In circumstances almost impossible to imagine today, Barry Goldwater was able to wrap up a delegate victory by early May 1964 while losing primaries and sliding downhill in the polls. The May 18, 1964, issue of Newsweek concluded that the fight for the Republican nomination was all but over because Goldwater already had the delegates he needed — even though his support among Republican voters was down to 14 percent and he had just suffered his second major loss in a primary.
Fast Forward to 2008
Twenty-first-century voters, accustomed to the importance of presidential primaries, find the old-fashioned nomination system very undemocratic. The strength of this sentiment was dramatically illustrated in the spring of 2008, when the public discovered the existence of superdelegates — that is, unpledged party leaders and elected officials. New voters, especially, were appalled to discover that superdelegates could potentially overturn the will of the voters. Fearing that Hillary Clinton's institutional advantages and early lead among these delegates could lead her to victory at the convention, Barack Obama's campaign fed the notion that superdelegates should reflect the will of the voters. "The superdelegate spin," recalled Obama campaign manager David Plouffe,"was directed at superdelegates," in an effort to make sure that as Obama held a lead among district-level delegates, the superdelegates would follow suit.
It wasn't a hard sell. In the modern nomination system the notion that party leaders would exercise their judgment, independent of the preferences of primary voters, was so abhorrent that many superdelegates found themselves rejecting their own role. Donna Brazile, a superdelegate and party strategist, told the Los Angeles Times, "My one vote shouldn't matter more than a voter who stood in a long line in the rain in St. Louis to vote," and threatened to quit her post at the Democratic National Committee if superdelegates decided the nomination race. U.S. Representative Ron Kind of Wisconsin called for scrapping the entire superdelegate system, saying that perplexed constituents had been asking him about the process: "I've always believed you've got to make participatory democracy as simple as possible. ... The whole concept of superdelegate leaves people scratching their heads. It smacks them as possibly going against the wishes of the voters." Other superdelegates sat tight and hoped that the primaries would produce a clear winner so that they wouldn't have to choose.
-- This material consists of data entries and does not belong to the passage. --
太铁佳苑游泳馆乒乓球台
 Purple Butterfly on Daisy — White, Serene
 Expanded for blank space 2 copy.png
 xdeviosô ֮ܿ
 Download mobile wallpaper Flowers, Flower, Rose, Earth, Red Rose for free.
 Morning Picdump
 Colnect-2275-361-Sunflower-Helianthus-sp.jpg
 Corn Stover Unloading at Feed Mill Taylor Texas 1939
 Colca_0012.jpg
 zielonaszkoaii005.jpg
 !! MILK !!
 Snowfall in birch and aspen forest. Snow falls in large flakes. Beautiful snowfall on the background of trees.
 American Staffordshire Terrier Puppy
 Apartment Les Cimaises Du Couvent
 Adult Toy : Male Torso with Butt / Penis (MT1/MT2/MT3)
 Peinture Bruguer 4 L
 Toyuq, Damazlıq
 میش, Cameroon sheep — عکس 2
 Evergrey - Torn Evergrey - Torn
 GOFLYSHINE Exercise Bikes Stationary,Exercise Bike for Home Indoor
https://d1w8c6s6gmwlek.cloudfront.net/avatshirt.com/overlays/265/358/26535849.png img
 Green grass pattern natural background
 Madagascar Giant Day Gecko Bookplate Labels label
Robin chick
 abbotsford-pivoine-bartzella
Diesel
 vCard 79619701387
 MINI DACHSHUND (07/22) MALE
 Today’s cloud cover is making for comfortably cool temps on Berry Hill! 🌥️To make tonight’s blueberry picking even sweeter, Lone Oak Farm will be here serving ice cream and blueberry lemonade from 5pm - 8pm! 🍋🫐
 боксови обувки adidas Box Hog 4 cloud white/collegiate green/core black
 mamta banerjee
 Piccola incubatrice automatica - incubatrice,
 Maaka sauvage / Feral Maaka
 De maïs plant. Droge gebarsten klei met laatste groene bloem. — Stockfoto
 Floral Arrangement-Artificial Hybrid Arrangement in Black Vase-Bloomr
As we will see in chapter 6, the creation of superdelegates was an attempt to restore a role for party leaders following the reforms of the early 1970s, which some felt put too much power in the voters' hands. But for the first six nomination contests following their reinstatement, party leaders played no independent role in stage two; instead they merely ratified the results of the primaries. And when it looked as if they might play such a role in the close nomination race of 2008, large parts of the public screamed in protest and treated the very existence of superdelegates as illegitimate, insisting that they follow the will of the voters.